Uncanny X-Force Vol. 2 #3 (Marvel Comics)
This series is having a bit of an identity crisis in its third issue. Issue #1 established character motives and a detective story. Issue #2 revealed the macguffin and here we have the characters chasing said macguffin. And then writer Sam Humphries dropped a psychotic Hulk-like Bishop into our laps with no rhyme or reason. Sure he’ll probably join the team eventually, but it’s a bit of a cheat considering he’s a wild animal and nothing more.
Good dialogue keeps things relatively afloat.
Anyone looking for more Fantomex and his clone sister should look elsewhere. Not only does he only get two pages, his story doesn’t add up to much, and it’s starting to get frustrating as we wait for something to happen. I’d blame the 20 pages comics get these days, but some poor use of space and time in this issue negates that.
Which is partly the problem here. The pacing is slow and spends too much time establishing what we already know.
Why did they take over this plane? No idea. They don’t tell us.
Vampire/Hulk Bishop is ANGGGRRYYY!
Sure it’s nitpicking, but the book opens with Psylocke’s arm broken or at the very least unusable. She throws a splint on it and then not 5 minutes later is wielding a samurai sword with both arms. Huh? There’s also no explanation for why Fantomex has commandeered a plane. Oh well, I guess it doesn’t matter. It’s just cool to see him doing bad things… said nobody ever.
Ron Garney continues to do strong work here, although I get the impression he’s starting to get strapped for time. A lot more empty space rears its head with unfinished looking panels here and there. That said the psychedelic mind stuff at the end is super cool.

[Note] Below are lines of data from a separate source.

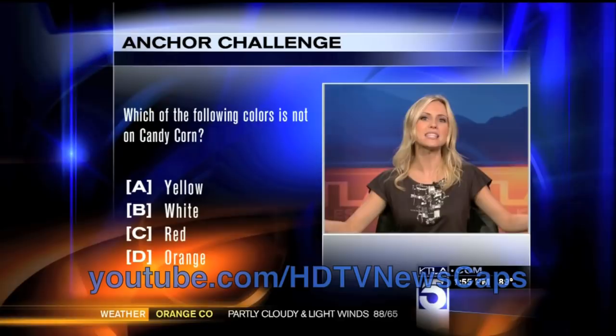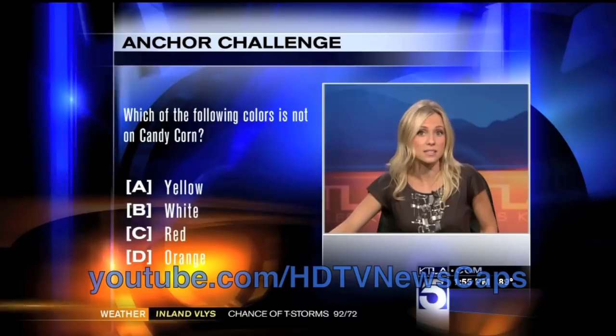Candy corn was created more than a hundred years ago. Which of the following colors is not on a candy corn? And we're talking your classic candy corn. Is it A yellow, B white, C red, or D orange?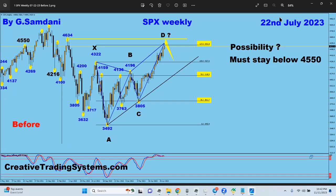Hello everyone, Sam here from creativetradingsystems.com, making this video about indices like S&P 500, Nasdaq, US30, and Nikkei and stuff like that. Let's get it started.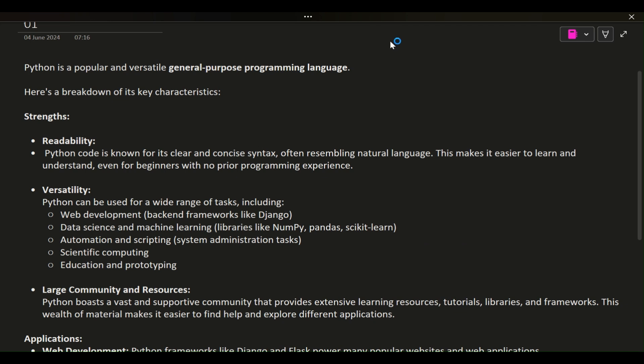Python is a popular and versatile general-purpose programming language. Here's a breakdown of its key characteristics.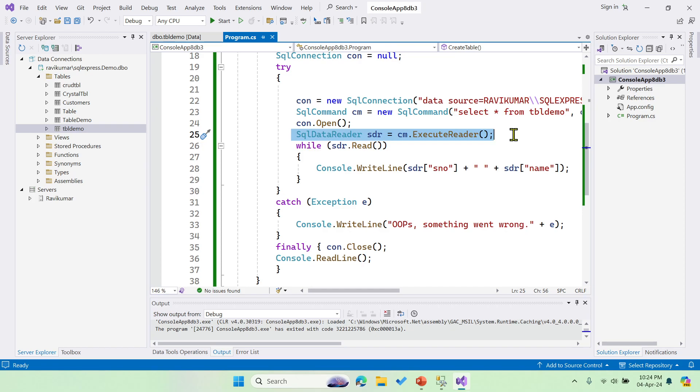In the next example, I'll be discussing the disconnected architecture, because ADO supports two types of architecture: one is connected and disconnected. In disconnected, we're going to use SQL adapter, and then data table, data set we can use.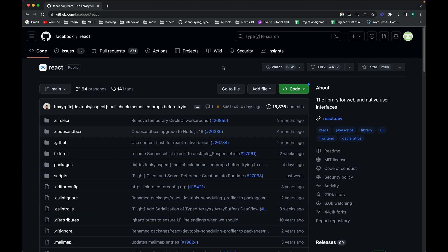Hi guys, welcome to this new video. It is a very important video if you are a programmer or coder and you want to practice coding online. The best way to actually practice coding online is to contribute in open source repositories.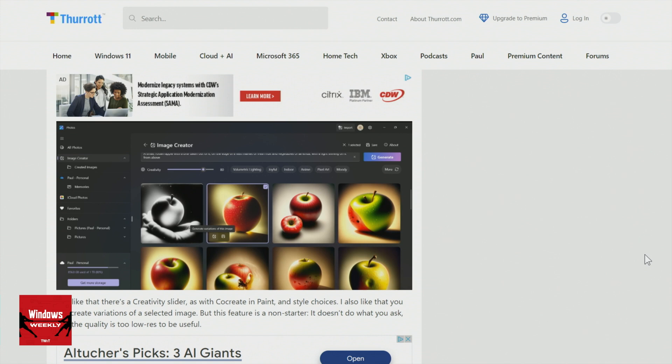Feed that same prompt to a MidJourney or a DALL-E and you get good results. I have a link to it in the article — I wrote an article about Apple this week and you can see it there. It's beautiful, it's exactly what I asked for. Beautiful, high quality, high resolution, 16 by 9.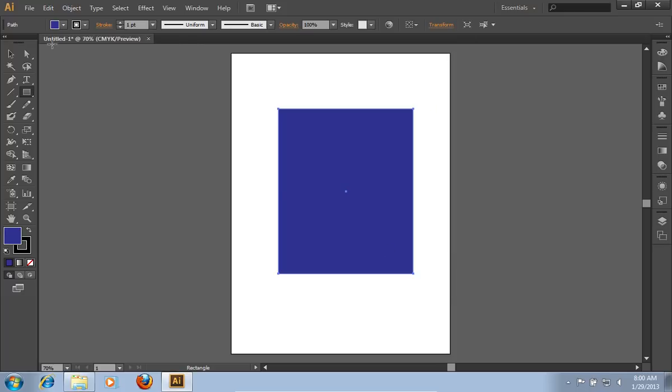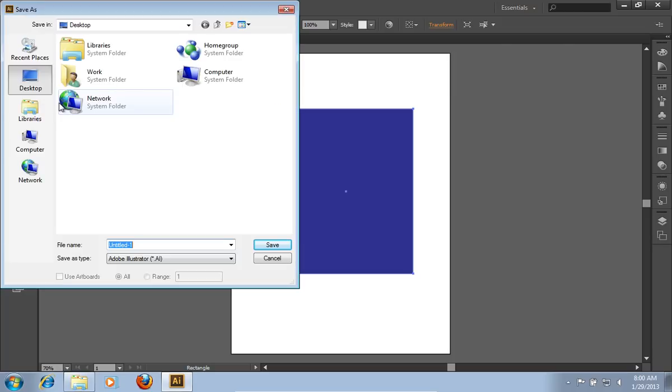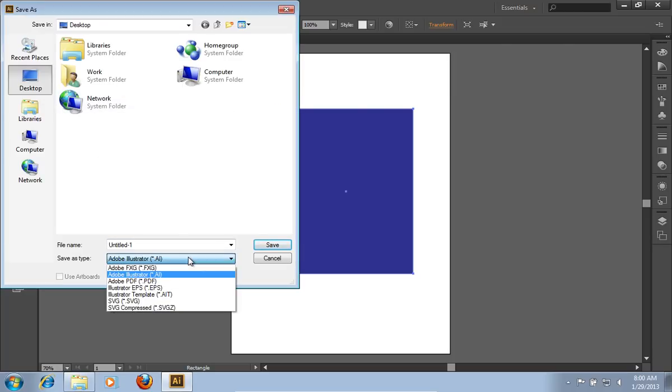Then, go to the File menu and choose the Save As option. In the Save As type, select the EPS format.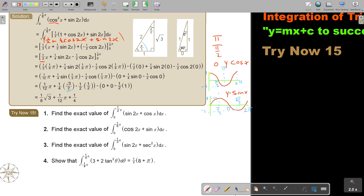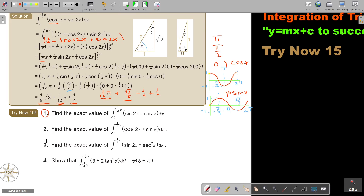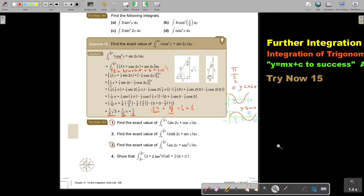So I can rewrite it for you a little bit better: it's 1 over 12 pi plus square root 3 over 8 minus a quarter, and those terms give 0, so plus a half. Rearranging: the first term is 1 over 8 times root 3, then 1 over 12 pi, and then a half minus a quarter is a quarter. And that's how I simplify it. Now I want you to stop the video and do number 1 and 3, then continue when you're finished.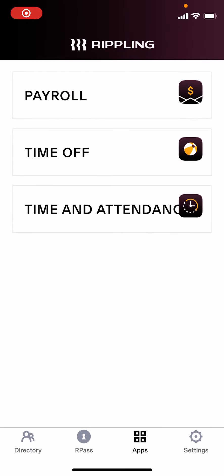Hey guys, the first paycheck with Rippling is coming up next week. In preparation for that, I need everybody to do a couple of things for me in your app to verify that we have the correct information.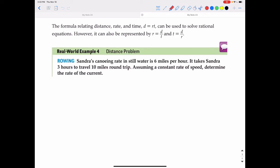Let's do some classic word problems that can be solved using rational equations. The formula relating distance, rate, and time is d equals rt. It can be used to solve rational equations. However, this same formula can also be represented by r equals distance divided by time, and time equals distance divided by r.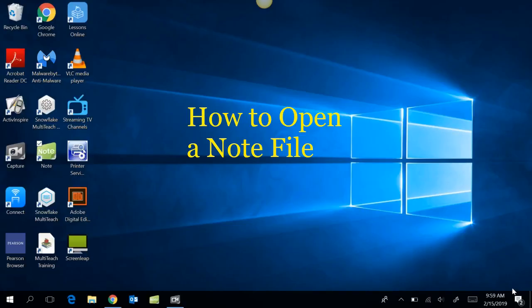In this video, I'm going to show you how to open a note file that either you have created or someone else has shared with you.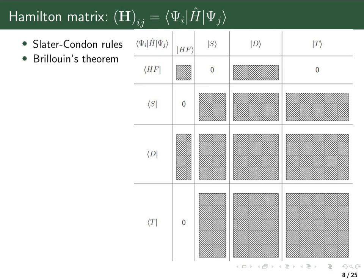Similarly, the block with Hartree-Fock and triple-excited determinants is also zero — a consequence of the Slater-Condon rules. When we have the Hartree-Fock determinant in the bra and a triple-excited determinant in the ket, the difference in orbitals between the two determinants is three. The Slater-Condon rules state that if the difference is larger than two orbitals, the matrix element is zero. Therefore, we only get nonzero matrix elements with the Hartree-Fock and double-excited determinants; all higher excitations — triples, quadruples — give zero matrix elements.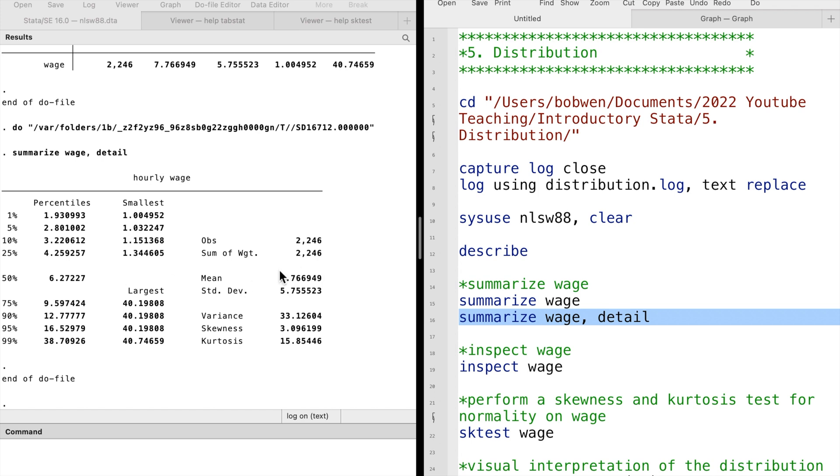Skewness and kurtosis are the two statistics of distribution. Skewness is the measure of the symmetry of a distribution. If the distribution is symmetric, the skewness will be zero.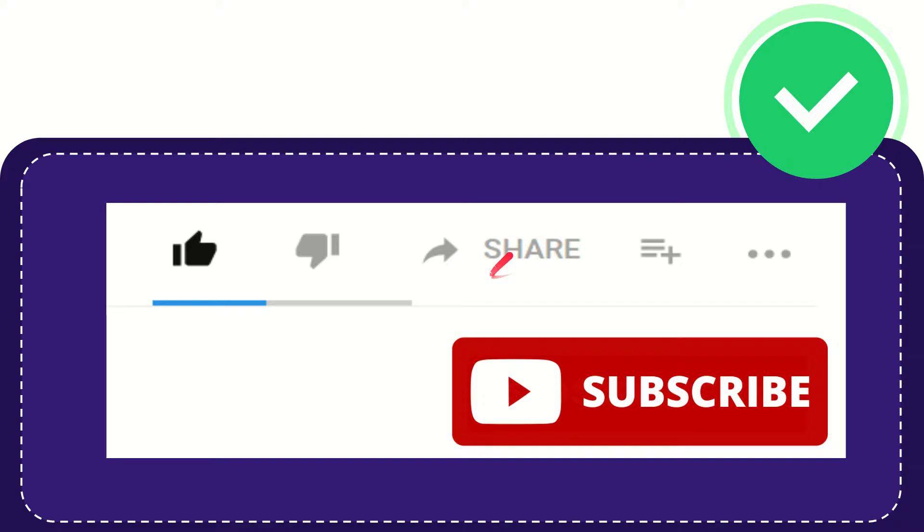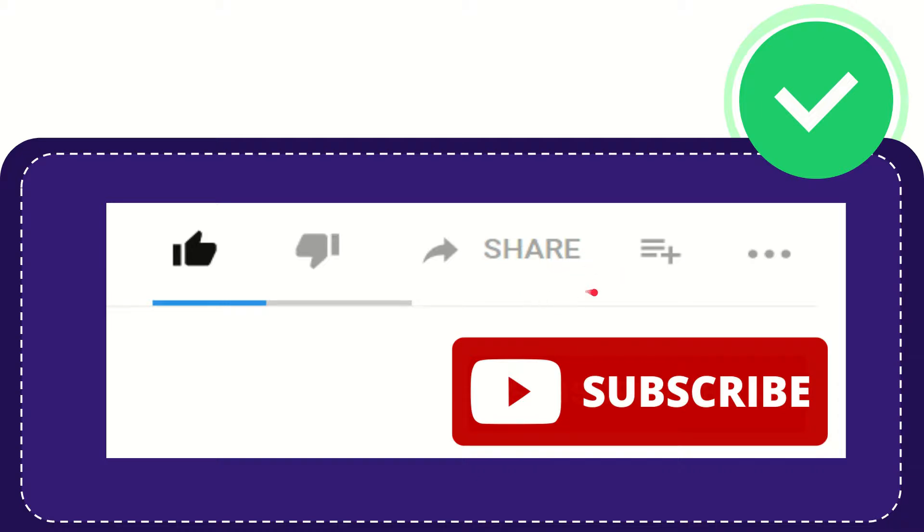You can share it to any social media that you wish, like Facebook, Twitter, LinkedIn, and many others. If you want to add this video to your playlist, you can click this one to watch it later, and you can find more options by clicking these three dots.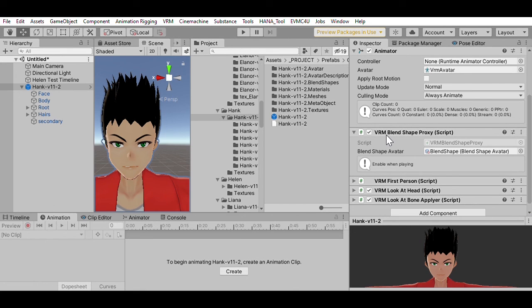So this is just an introduction to blend shape clips, and now I'm probably never going to talk about them again.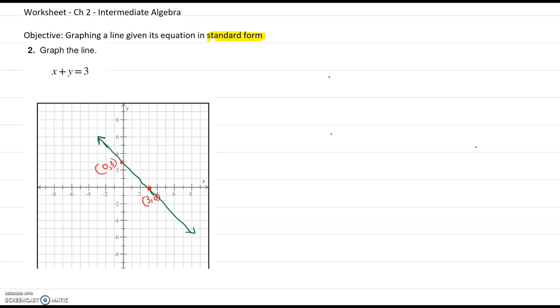Hi, in this video I will be showing you problem number 2 of the worksheet on chapter 2 for the intermediate algebra class. Objective: graphing a line given its equation in standard form.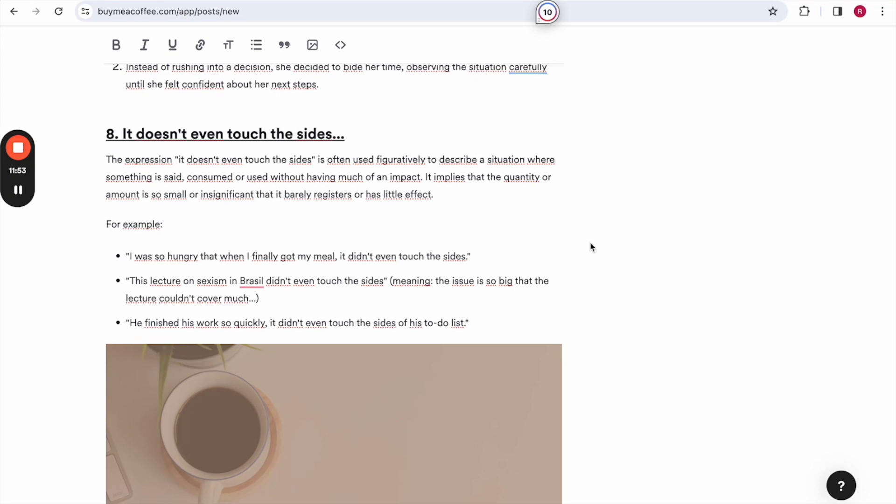For example, I was so hungry that when I finally got my meal, it didn't even touch the sides. This lecture on sexism in Brazil didn't even touch the sides. So this would convey the idea that the issue of sexism in Brazil is so big that the lecturer is not able to cover it. And the next one is, he finished his work so quickly, he didn't even touch the sides of his to-do list.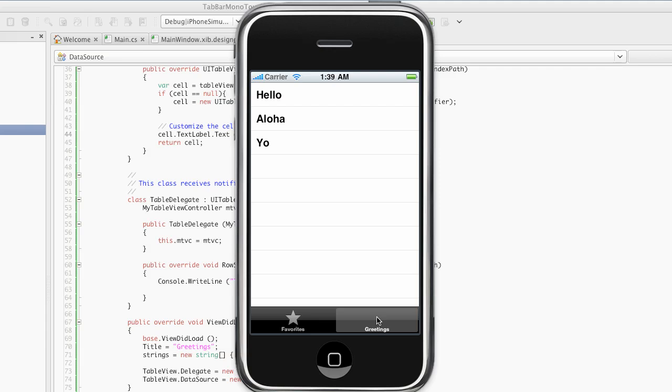I hope this helps. If you have any questions, the best place to ask them is in the IRC channel for MonoTouch, which is at irc.gnome.org. And the channel is pound MonoTouch. You can also find that at monotouch.net.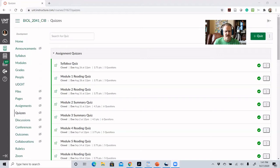What I'm showing you here is the different types of quizzes that I have in my course. Essentially I have three different kinds of quizzes, and then of course I have my regular exams.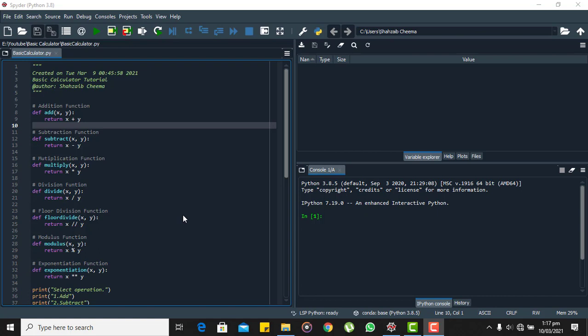Hello and welcome to Crescent Studios. In this video I am going to explain how to make a basic calculator in Python.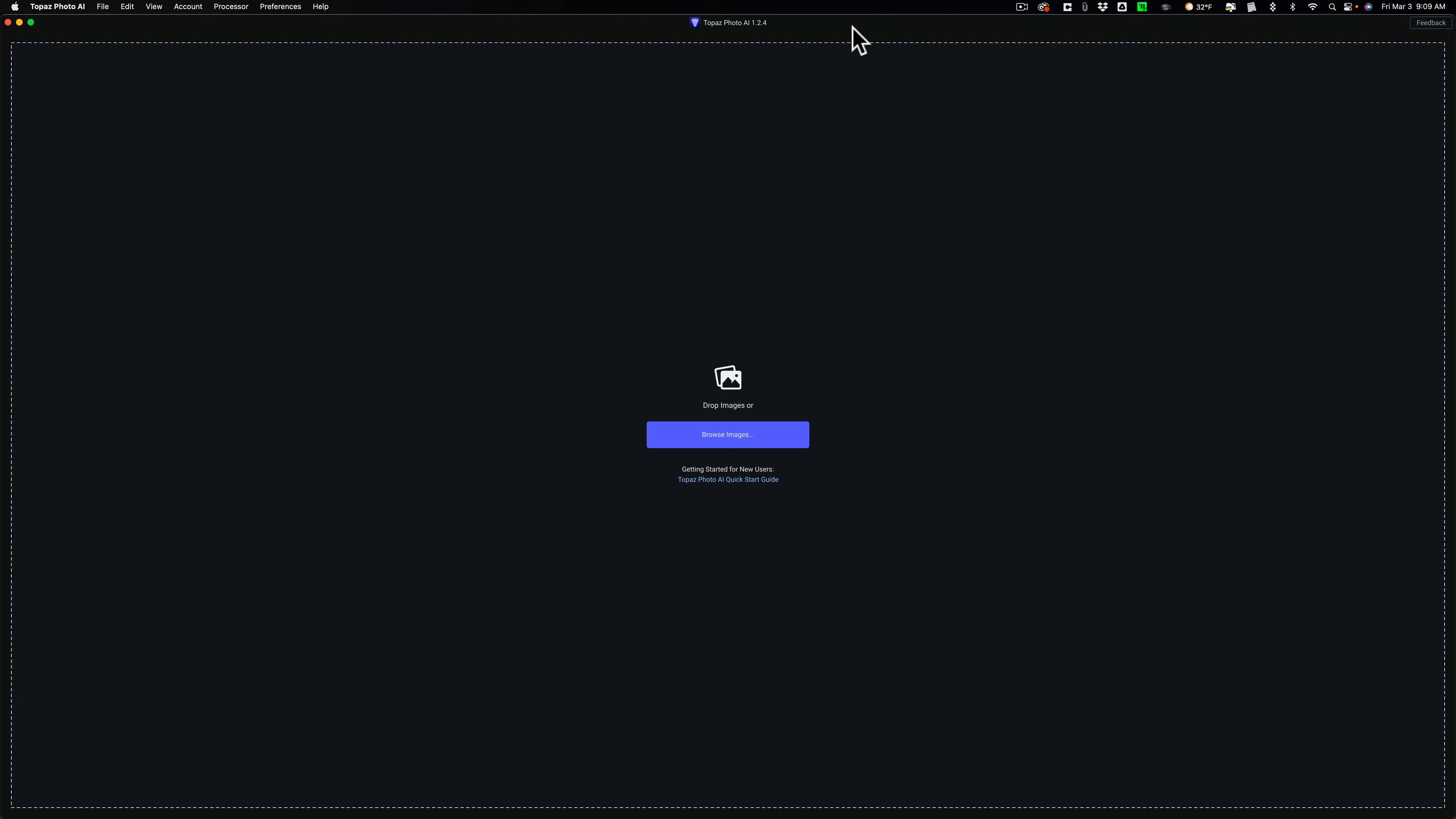I wanted to do a fourth video on Photo AI. I only did three on Denoise AI and Sharpen AI, and my plan is to only do three for Gigapixel AI. The reason why I want to do this extra video on Photo AI is because I believe it does a fantastic job on old photos. So if you have an old image and you just scanned it and it's kind of blurry and shot with a cheap camera, Photo AI does a great job restoring it, and that's what I'm going to demonstrate today.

This is what it’s like in Bishop’s mind. I guess he’s tripping.
- Great dialogue
- Strong team dynamics
- Skip to the end please
- Some shoddy panels
What we have here is a plot that needs to speed up or give us more in the character department. If neither of these are met then most will feel like it wasn’t worth the trip. The setup and character dynamics are all there for a great series but it seems Humphries wants this story to play out at a slow enough pace to pad out the series.
Is It Good?
Yes. It’s worth a look at least but have some reservations.